# Recorded data
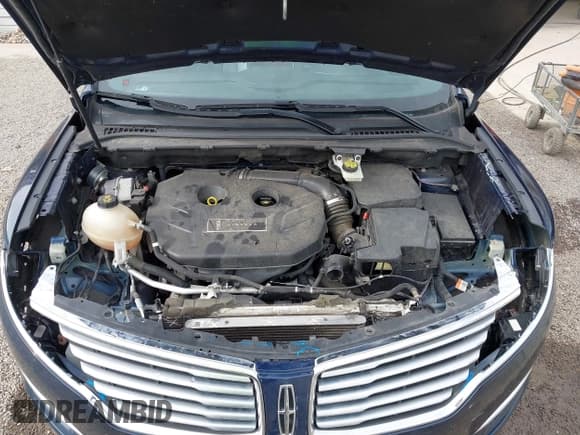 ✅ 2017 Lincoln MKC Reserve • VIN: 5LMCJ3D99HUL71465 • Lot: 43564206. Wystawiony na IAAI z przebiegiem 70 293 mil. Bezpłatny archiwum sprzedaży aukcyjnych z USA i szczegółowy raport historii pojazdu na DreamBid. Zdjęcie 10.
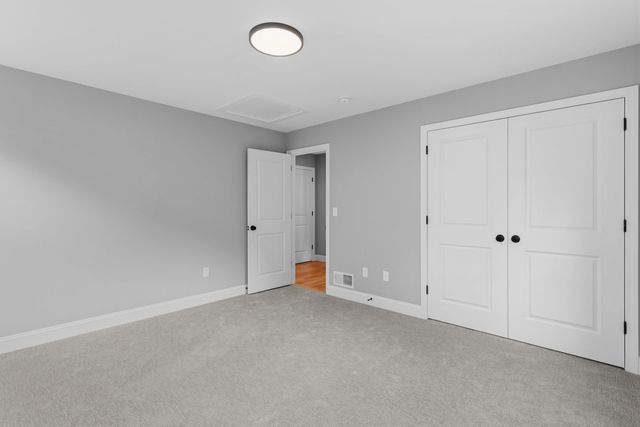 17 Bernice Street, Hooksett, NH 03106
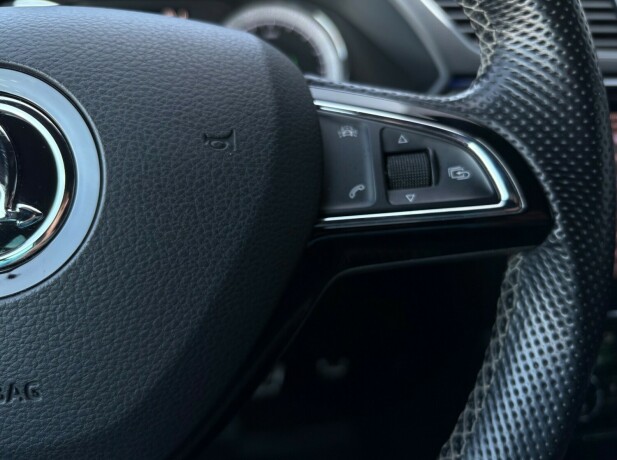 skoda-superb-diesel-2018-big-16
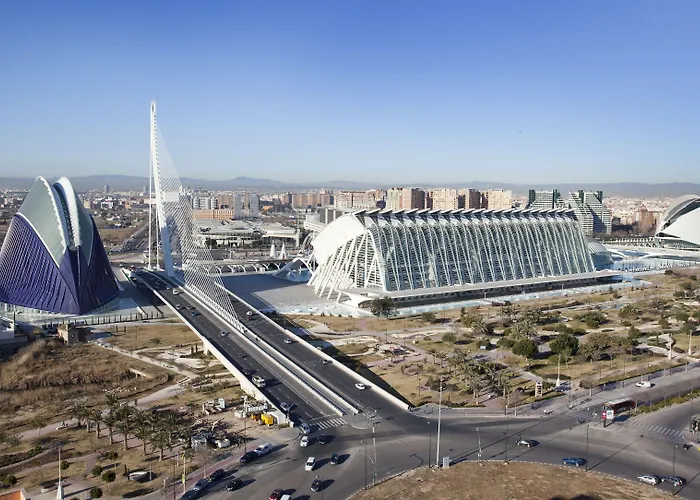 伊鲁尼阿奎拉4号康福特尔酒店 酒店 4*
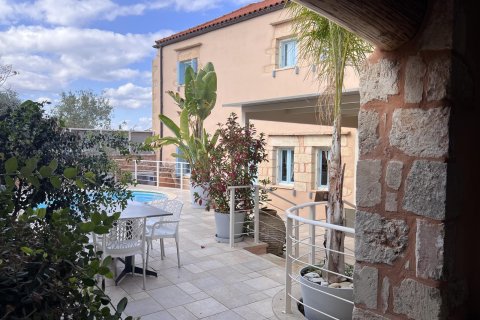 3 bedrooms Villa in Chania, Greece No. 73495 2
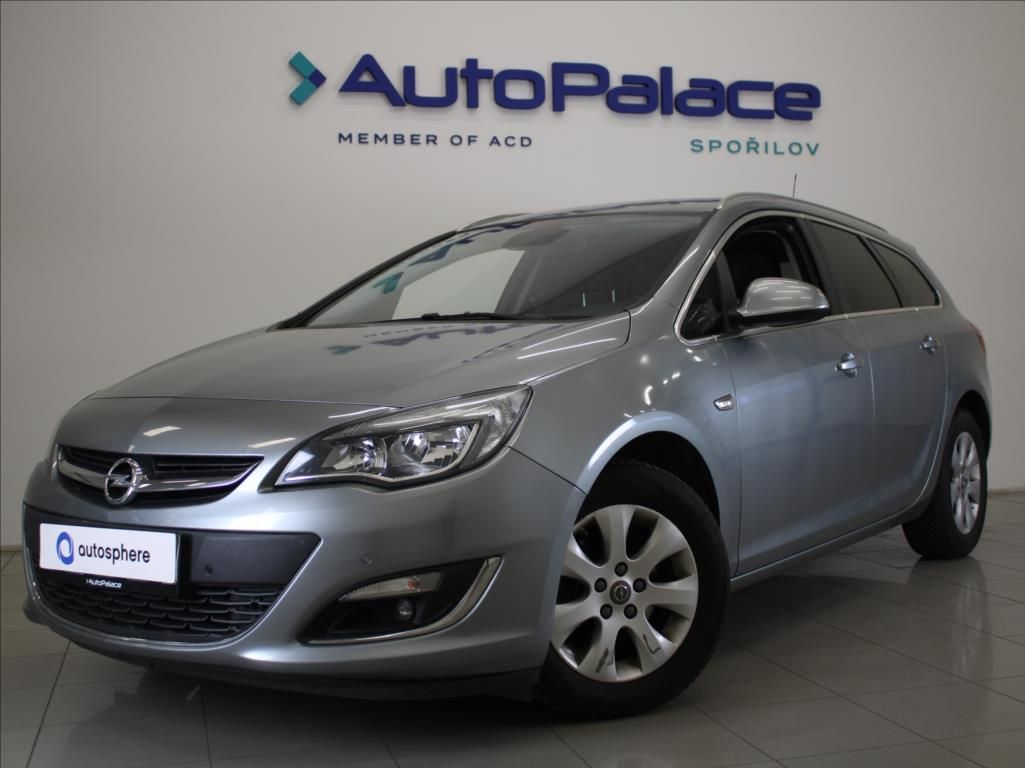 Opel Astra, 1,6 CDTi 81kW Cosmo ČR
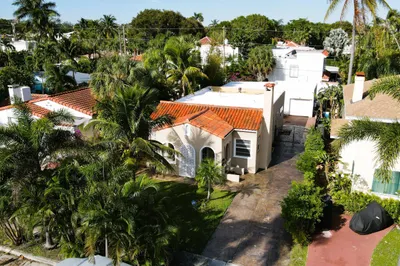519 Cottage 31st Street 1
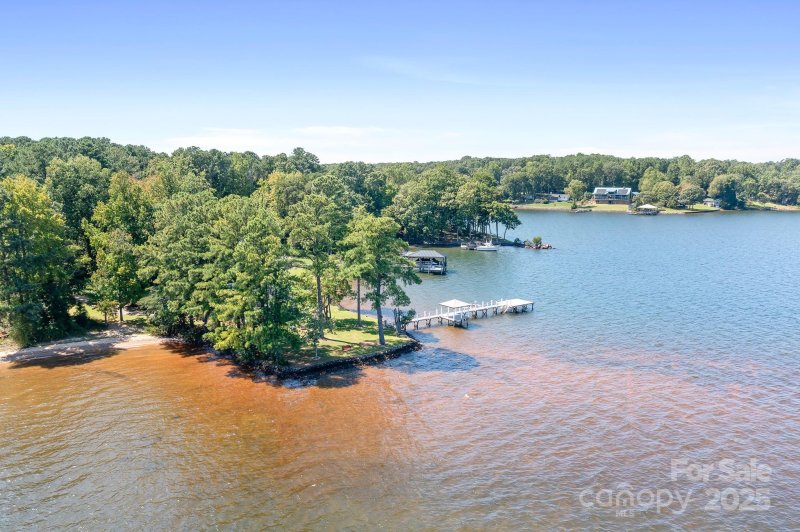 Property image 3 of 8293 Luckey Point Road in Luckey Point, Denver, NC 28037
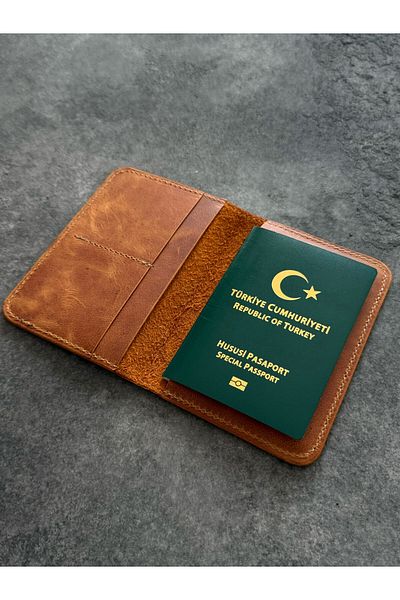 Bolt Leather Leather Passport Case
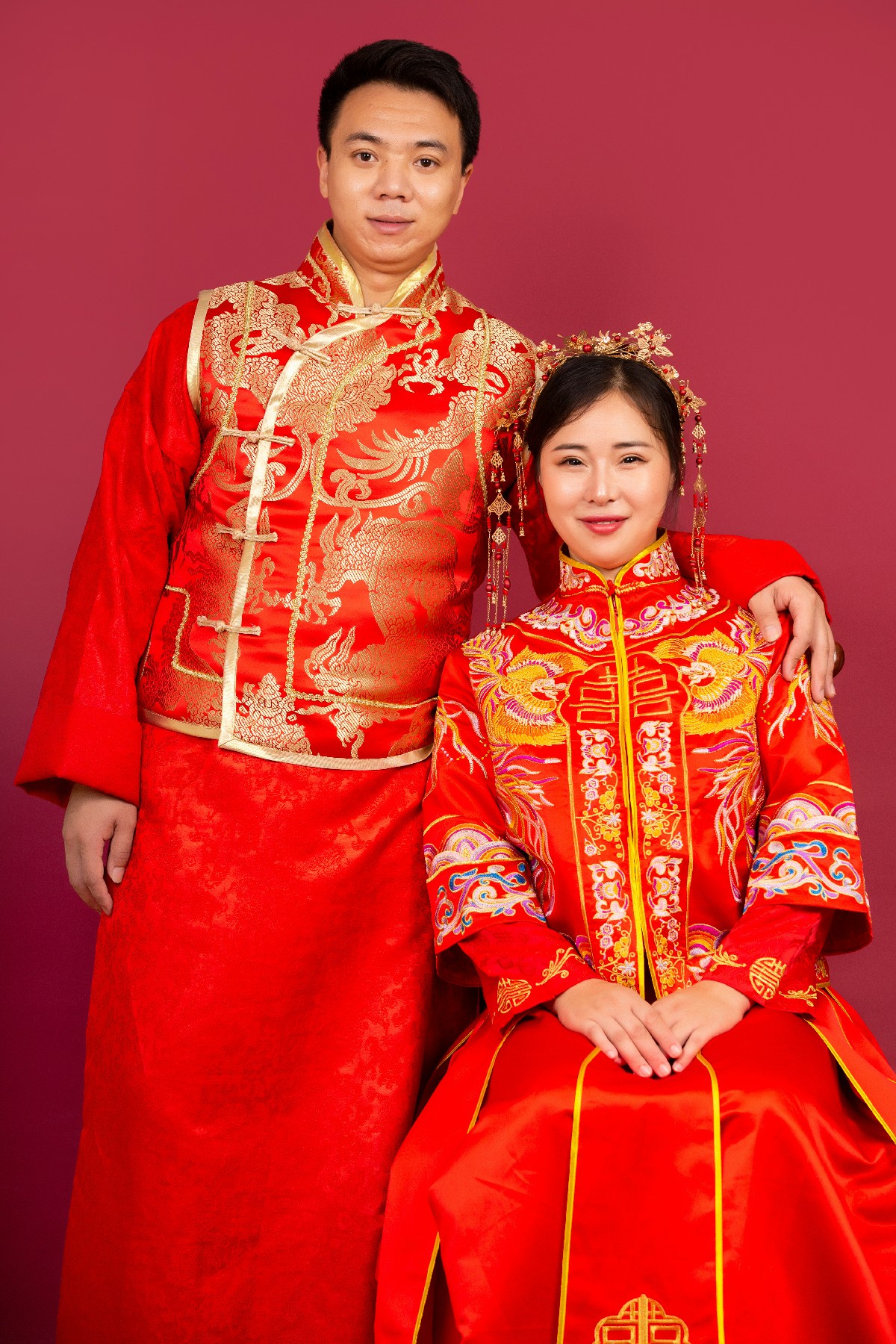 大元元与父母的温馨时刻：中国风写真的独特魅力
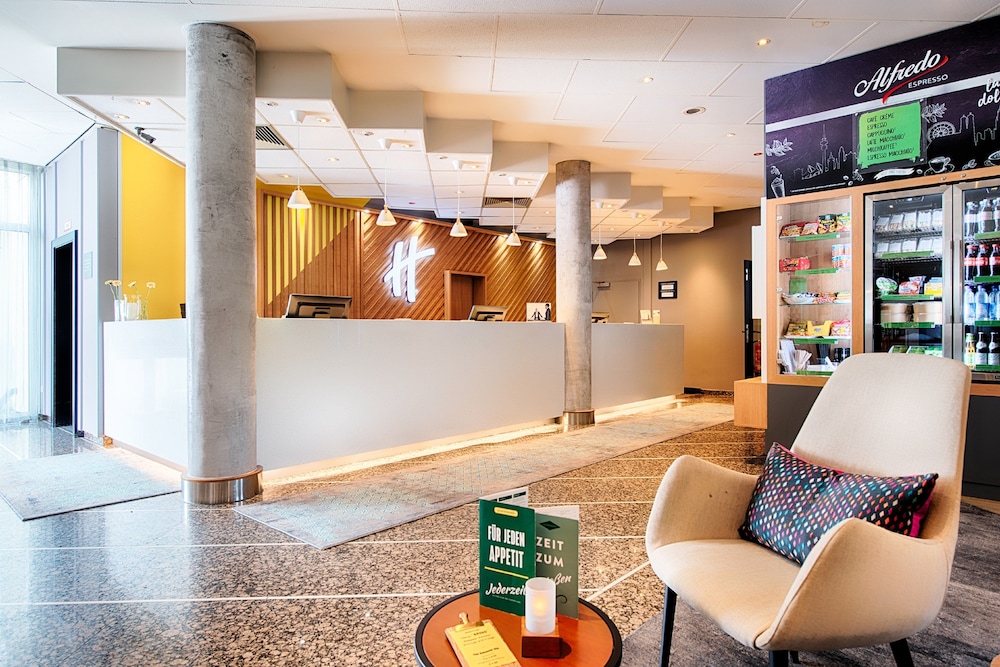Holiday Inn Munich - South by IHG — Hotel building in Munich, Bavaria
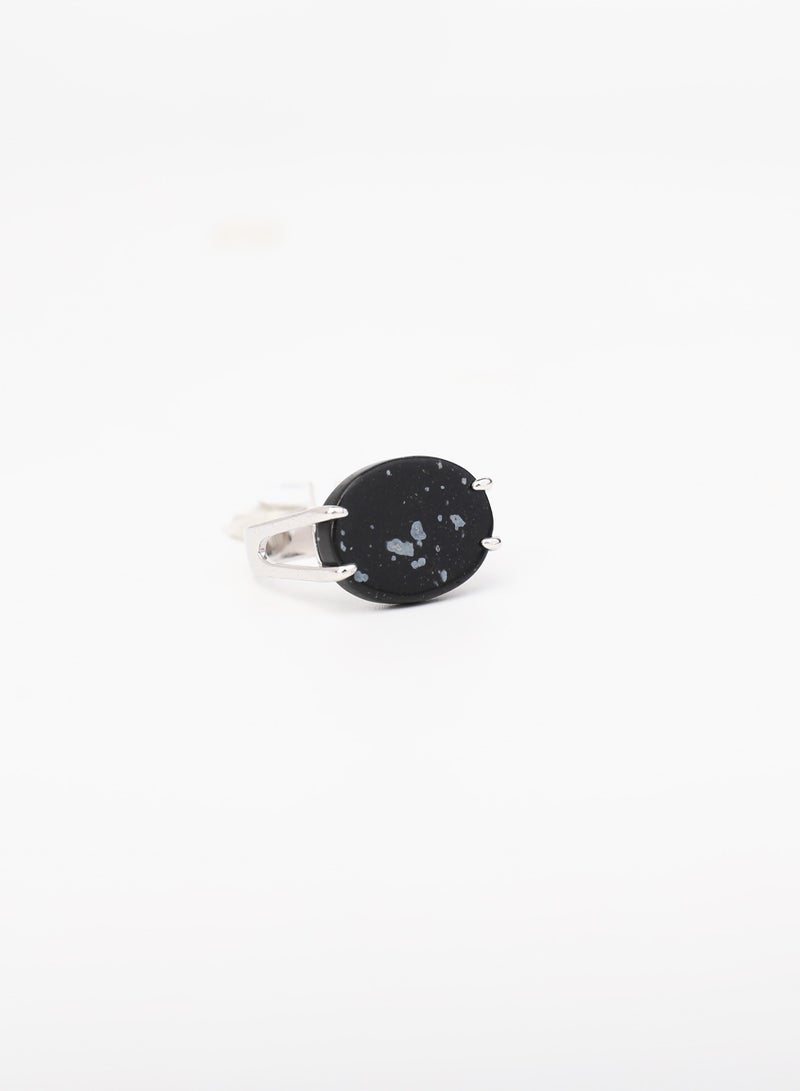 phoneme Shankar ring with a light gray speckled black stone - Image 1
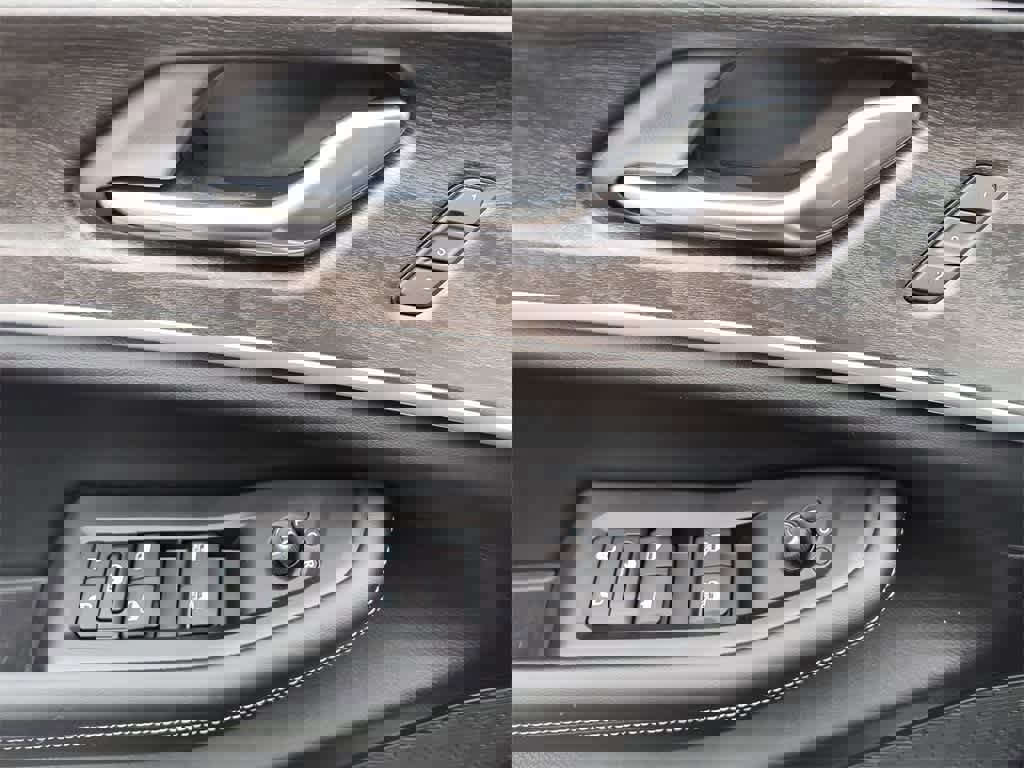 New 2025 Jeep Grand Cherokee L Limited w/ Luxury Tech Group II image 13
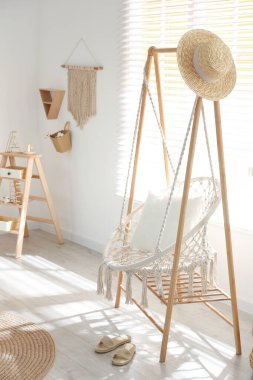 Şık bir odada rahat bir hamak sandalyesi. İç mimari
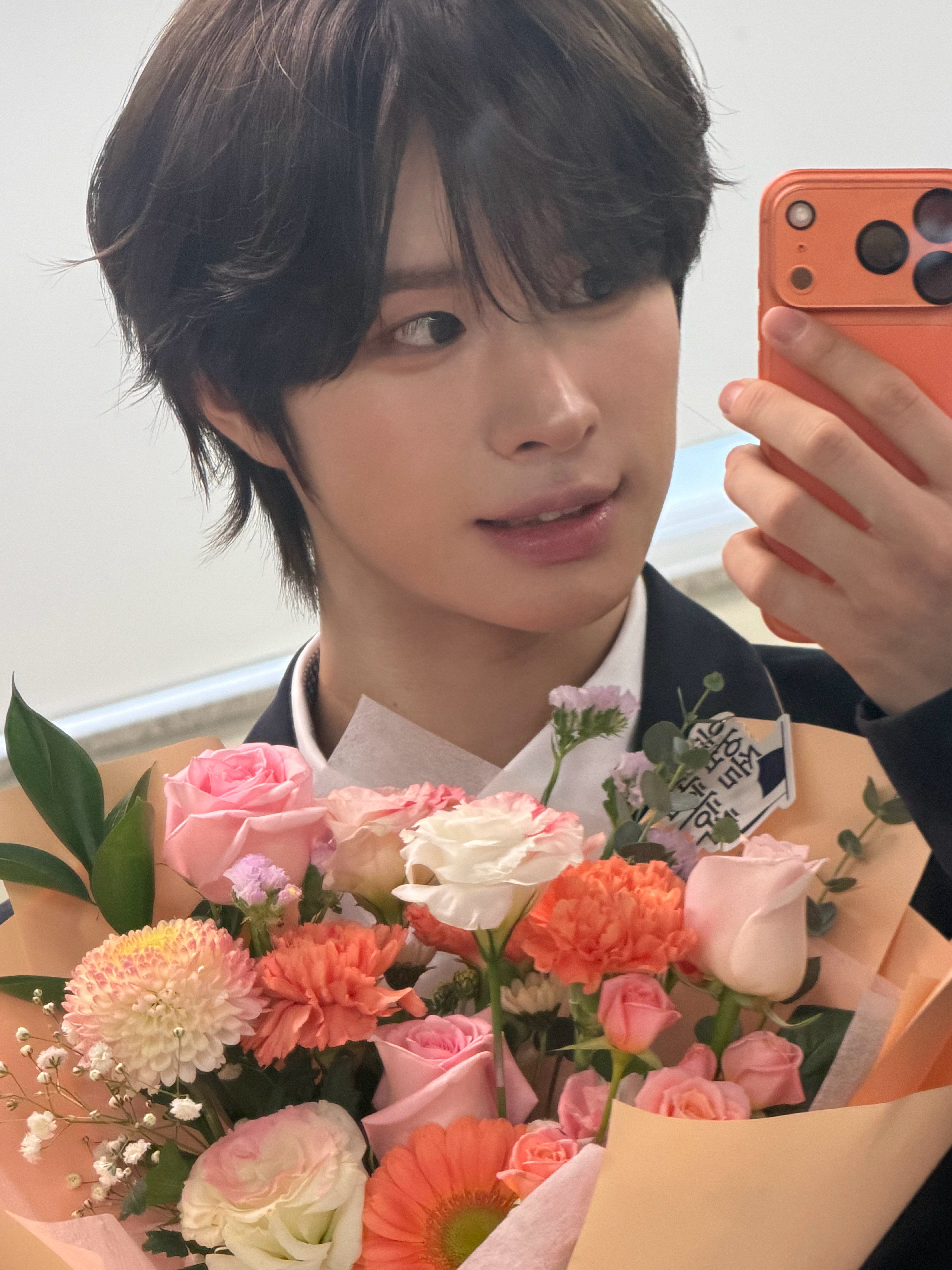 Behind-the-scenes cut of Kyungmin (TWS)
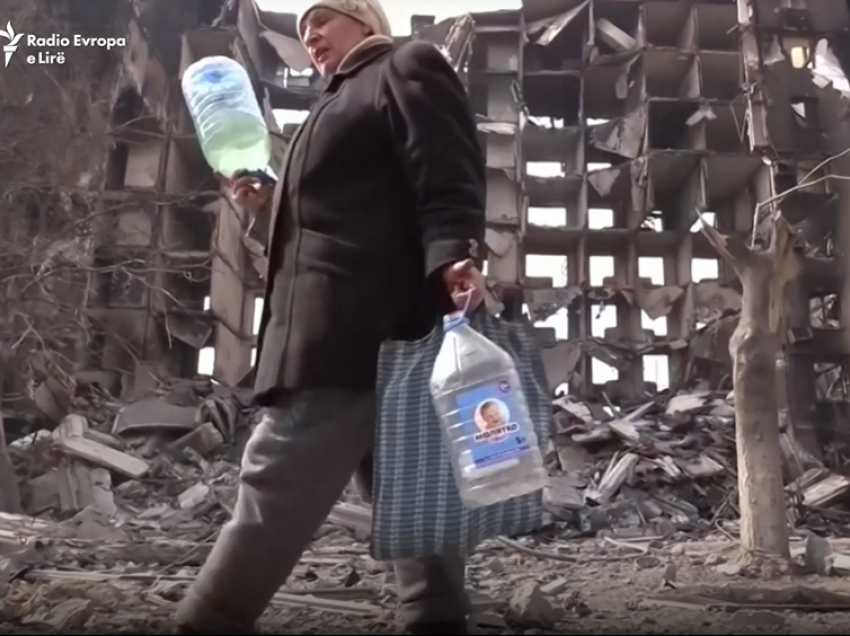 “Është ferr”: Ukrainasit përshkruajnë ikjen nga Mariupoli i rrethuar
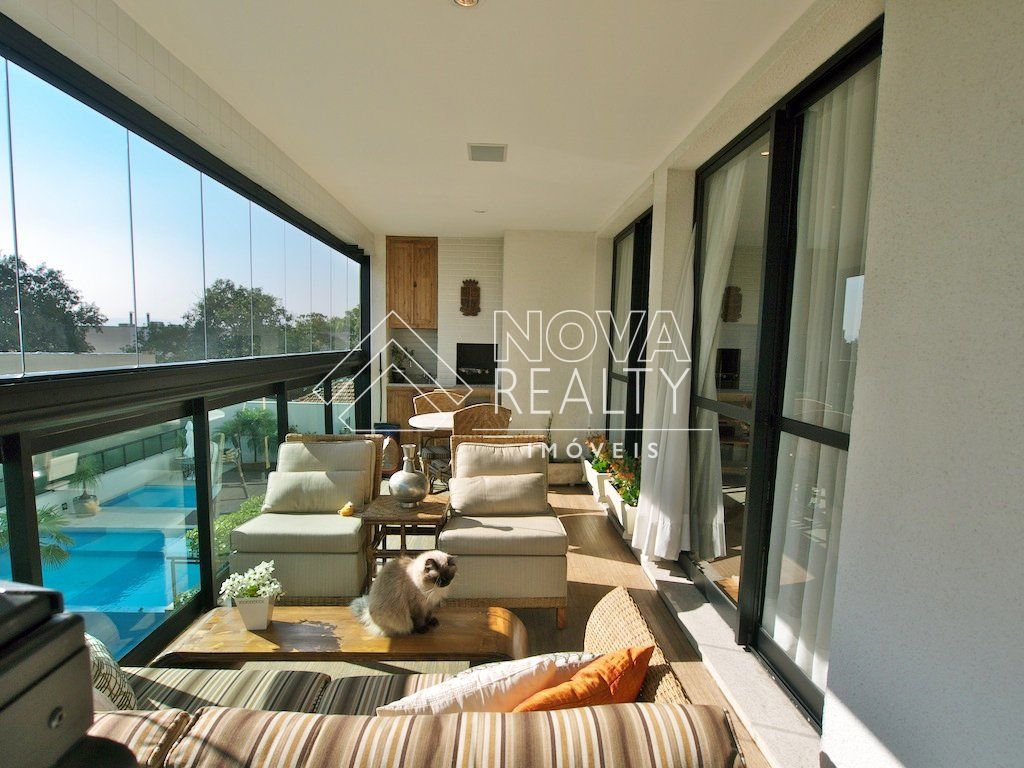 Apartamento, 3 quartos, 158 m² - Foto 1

# The problem
Within the listing above, find the line containing "Property image 3" and the line containing "New 2025 Jeep". Transcribe them and everything between them exactly, leaving out the pictures.

# Output below
 Property image 3 of 8293 Luckey Point Road in Luckey Point, Denver, NC 28037
 Bolt Leather Leather Passport Case
 大元元与父母的温馨时刻：中国风写真的独特魅力
Holiday Inn Munich - South by IHG — Hotel building in Munich, Bavaria
 phoneme Shankar ring with a light gray speckled black stone - Image 1
 New 2025 Jeep Grand Cherokee L Limited w/ Luxury Tech Group II image 13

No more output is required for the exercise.